I want to install compiz fusion , i read the handbook here:

http://www.freebsd.org/doc/en/articles/compiz-fusion/index.html
*http://www.freebsd.org/doc/en/articles/compiz-fusion/xorg-configuration.html*
http://www.freebsd.org/doc/en/articles/compiz-fusion/compiz-fusion.html

_The problem arises because *I dont have a xorg.conf file*, so , i can't edit it to add the pertinent lines for configuring  xorg for  efects._

(Never created xorg.conf in the past because  when installed feebsd and the desktop simply install xorg , install xfce and tipe % echo "/usr/local/bin/startxfce4" > ~/.xinitrc
I don't have to edit xorg.conf for that, ence xorg.conf not exist)

Any ideas?

Thanks


----------



## Beastie (Jul 21, 2009)

Why read every article out there, and not the relevant part of the actual handbook?
http://www.freebsd.org/doc/en/books/handbook/x-config.html

It's explained in section 5.4.2, right after HAL stuff.


----------



## adamk (Jul 21, 2009)

Also, the article on configuring xorg.conf for compiz is out-of-date and nvidia specific.  If you are using Xorg 1.6.* and a card with open source drivers, all you really need to do is enable AIGLX.

Adam


----------



## gulanito (Jul 21, 2009)

Beastie said:
			
		

> Why read every article out there, and not the relevant part of the actual handbook?
> http://www.freebsd.org/doc/en/books/handbook/x-config.html
> 
> It's explained in section 5.4.2, right after HAL stuff.

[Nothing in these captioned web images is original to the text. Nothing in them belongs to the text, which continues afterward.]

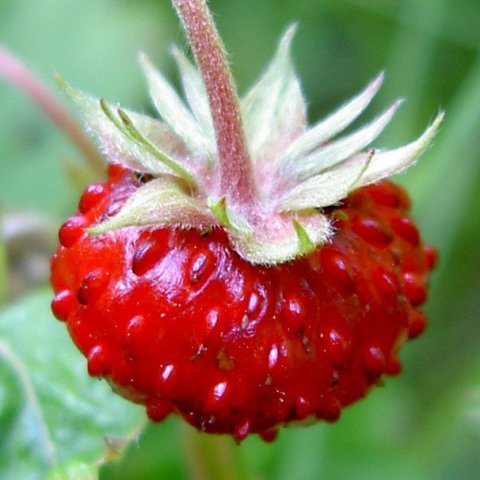 Fragaria_vesca_close-up_4_cropped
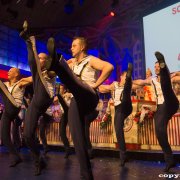 Prinzengarde (13.01.15)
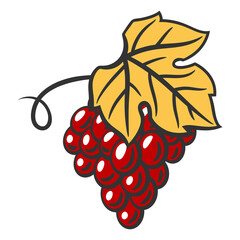 Illustration of bunch of red grapes. Winery image for restaurants and bars.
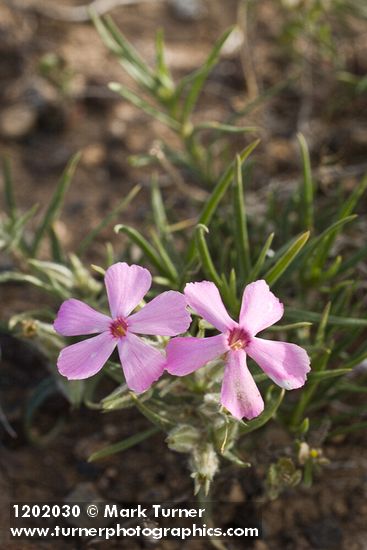 Sagebrush Phlox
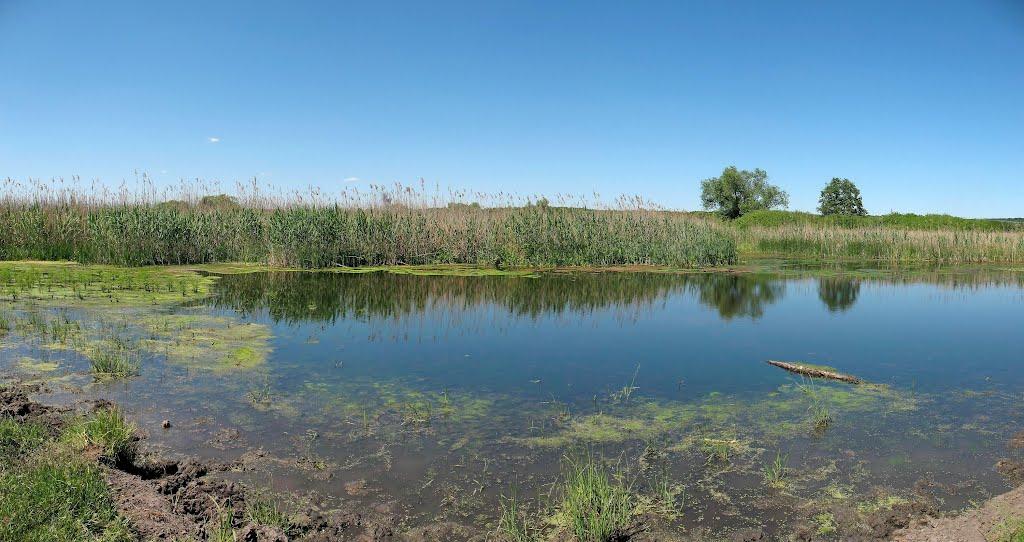 Косарі з panoramio.com (ч.2) - Косарі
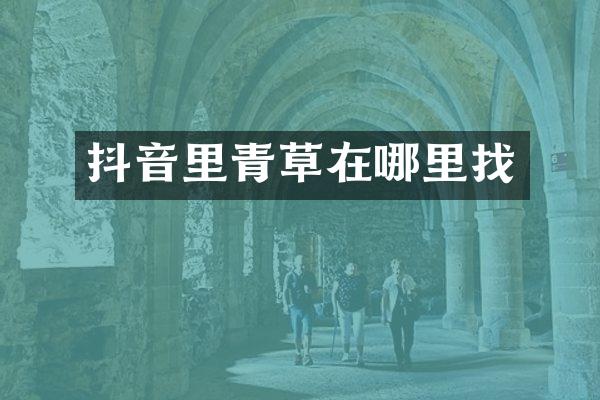 抖音里青草在哪里找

Yes, i read this article too, but since i not have to configure in that manner never created the xorg.conf.

However, i decide to create that file and configure the Xorg properly (creating that file and so on) and everything goes ok (with the xorg config)

Then, I added the lines as is explained in
http://www.freebsd.org/doc/en/articles/compiz-fusion/xorg-configuration.html

Then, I executed:
`%  compiz --replace --sm-disable --ignore-desktop-hints ccp &`
`%  emerald --replace &`
in a console, as is explained in
http://www.freebsd.org/doc/en/articles/compiz-fusion/compiz-fusion.html

And after that my windows are left without title bars and buttons, then I read:
"_I have installed Compiz Fusion, and after running the commands you mention, my windows are left without title bars and buttons. What is wrong?_"
in
http://www.freebsd.org/doc/en/articles/compiz-fusion/compiz-troubleshooting.html

but the solution provided here: 
"_(You are probably missing a setting in /etc/X11/xorg.conf. Review this file carefully and check especially the DefaultDepth and AddARGBGLXVisuals directives.)"_
not fix my problem because I have the xorg.conf configured  properly yet.

How correct this problem?

Thanks!


----------



## adamk (Jul 21, 2009)

If you do not have an xorg.conf file then you are not using the nvidia driver, so AddARGBGLXVisuals is pointless.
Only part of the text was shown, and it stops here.